Projeto de Lei nº 3651/2024
Mensagem nº autoria carlos minc, fred pacheco, marcelo dino, chico machado, ricardo da karol, flavio serafini, rodrigo amorim, yuri moura, val ceasa, bruno boaretto, samuel malafaia, dr. deodalto, delegado carlos augusto, renato miranda, brazão, india armelau, luiz paulo, marina do mst, prof. josemar, elika takimoto, dionisio lins, munir neto, verônica lima, jari oliveira, renata souza, sergio fernandes, giovani ratinho, zeidan, carla machado, sarah poncio data de publicação 28/08/2025 data publ. partes vetadas obs: em vigor d.o nº 156 situação texto da revogação : ação de inconstitucionalidade situação não consta tipo de ação número da ação liminar deferida não resultado da ação com trânsito em julgado link para a ação redação texto anterior texto da regulamentação Leis relacionadas ao assunto desta Lei no documents found atalho para outros documentos
- Autoria
- Deputada Índia Armelau
- Apresentado em
- —
Texto do projeto
Art. 1º Fica criado o Programa Estadual Delegacia Acessível, objetivando a implementação de ações governamentais concretas que promovam a acessibilidade das pessoas com deficiências – PCD’s – ou com mobilidade reduzida em todas as Delegacias de Polícia do Estado do Rio de Janeiro, bem como para garantir o treinamento dos Policiais Civis para o atendimento especial voltado às PCD’s, nos termos da presente Lei, bem como da Lei Federal n.º 10.098/2000, que “Estabelece normas gerais e critério básicos para a promoção da acessibilidade das pessoas portadoras de deficiência ou com mobilidade reduzida, e dá outras providências”, e da Lei Federal n.º 13.146/2015, “Que estabelece a Lei Brasileira de Inclusão da Pessoa com Deficiência – Estatuto da Pessoa com Deficiência”.

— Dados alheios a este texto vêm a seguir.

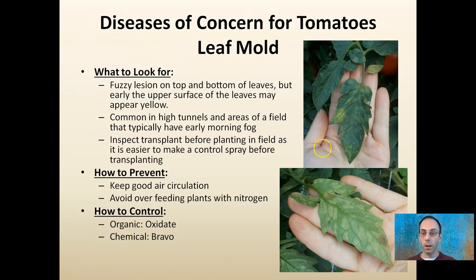Lastly, leaf mold has a fuzzy appearance on the top and bottom of leaves. Especially look at the underside, because that's where the lesions appear. From the top you'll see yellowing — flip the leaf over and you'll see actual leaf mold. It's very common in high tunnels and fields with a lot of moisture or hanging fog. Inspect transplants before they go to the field, maintain good air circulation, and avoid excessive nitrogen feeding. Oxidate and Bravo are two methods to help control this disease.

Parágrafo único. São diretrizes do Programa:
I – a dignidade no atendimento público para as PCD’s;
II – o enfrentamento do preconceito e da intolerância na sociedade e na administração pública contra PCD’s ou com mobilidade reduzida;
III – a apuração e punição dos crimes cometidos contra PCD’s ou com mobilidade reduzida;
IV – o aprimoramento da Administração Pública para o atendimento universal dos cidadãos e cidadãs;
V – a garantia do cumprimento do direito constitucional à Segurança Pública e dos Direitos Humanos inerentes a todos os cidadãos e cidadãs, sem qualquer distinção; e
VI – o acolhimento das PCD’s ou com mobilidade reduzida e o pleno atendimento das suas demandas pelo Poder Público.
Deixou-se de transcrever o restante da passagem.